With just seven years in the state legislature, and two in the United States Senate, it would be easy to dismiss him, were it not for the fact that he is running second in the polls behind Hillary Clinton for the Democratic nomination. On Saturday, 17,000 people braved frigid weather to watch him declare his candidacy in Springfield Ill., where correspondent Steve Kroft joined him on the eve of his speech.



"Three years ago, you were a state legislator here in Springfield. What makes you think that you're qualified to be president of the United States?" Kroft asks.

"You know, I think we're in a moment of history where probably the most important thing we need to do is to bring the country together and one of the skills that I bring to bear is being able to pull together the different strands of American life and focus on what we have in common," Obama replies

Obama says he has no doubts that he's ready to run. Asked where he gets all this confidence, the senator jokes, "My wife asks me that all the time.

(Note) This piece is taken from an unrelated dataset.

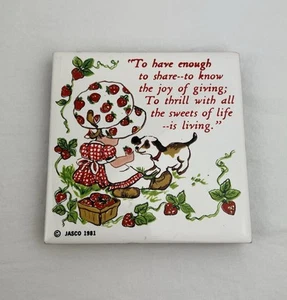 Vintage Jasco 1981 Strawberry Girl Ceramic Tile Coaster Wall Art Decor 4 1/4in - Picture 1 of 9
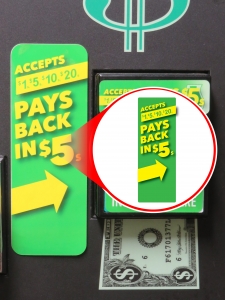 Pays Back $5 Bill Acceptor / Validator Vertical Decal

As he gave 60 Minutes a tour of the old Illinois capitol where Abraham Lincoln served in the legislature and delivered the House Divided speech, there was much for Obama to be confident about. At age 45, he is one of only three black senators since Reconstruction, the first African-American President of the Harvard Law Review, a professor of constitutional law at the University of Chicago, and the author of two best selling books.

He is ambitious and just daring enough to invite comparisons to one of the few American presidents, who was elected with even less political experience than he has: Abraham Lincoln.

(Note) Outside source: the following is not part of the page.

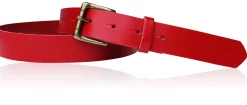 Sportiver Damen Ledergürtel 2,8 cm, Gürtelschnalle messingfarbig, echt Leder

"He grew into the presidency in ways that I think no body would have anticipated," Obama tells Kroft.

"I know I haven't spent a lot of time learning the ways of Washington. But I've been there long enough to know that the ways of Washington must change," the senator told the crowd during his announcement speech.

On Saturday in Springfield he began a campaign that seems to have morphed out of his latest book tour.

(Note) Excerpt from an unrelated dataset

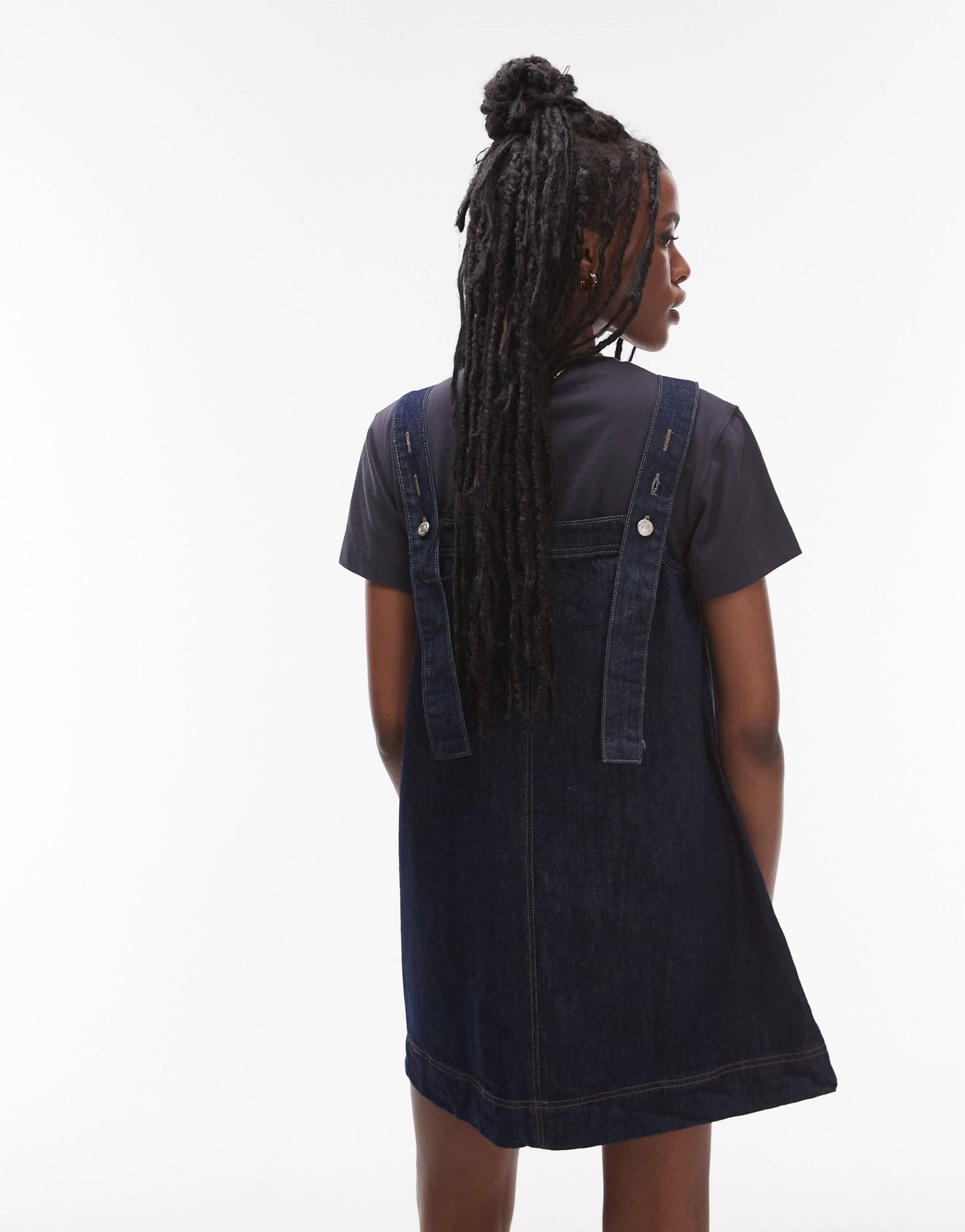 Topshop denim pinny dress with button detail in raw look indigo - ASOS Sample Sale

Propelled by the media hungry for a fresh face and a good story, he has graced the covers of Time and Newsweek, the pages of Men's Vogue, and has been endorsed by Oprah.

But it has also been driven by his personal charisma and an ability to connect with people, especially young people, that is rarely seen in American politics.

He has challenged the post baby boom generation to cast aside its cynicism of politics and engage the system. In a speech at George Mason University earlier this month, he evoked Martin Luther King.

"The arc of the moral universe is long, but it bends towards justice. It bends towards justice," he told the students. "But here's the thing, young people, it doesn't bend on its own. It bends in that direction because you decide you're gonna stand up to a war that should have never been waged. It bends because you decide that we need a healthcare system for all Americans."

On the campaign trail he is routinely received like a rock star, a far cry from the way he is treated in the corridors of power in Washington, where he is 88th on the Senate's list of seniority.

"I wanna read you a quote from The St. Petersburg Times. 'The world is too complex and dangerous for this likeable, charismatic, African American neophyte to practice on-the-job training,'" Kroft reads.

Asked why he is in such a hurry to run, Obama tells Kroft, "You know the truth is I'm not. We have a narrow window to solve some of the problems that we face. Ten years from now, we may not be in a position to recover the sense of respect around the world that we've lost over the last six years. Certainly, when you look at our energy policy and environment and the prospects of climate change, we've gotta make some decisions right now. And so I feel a sense of urgency for the country."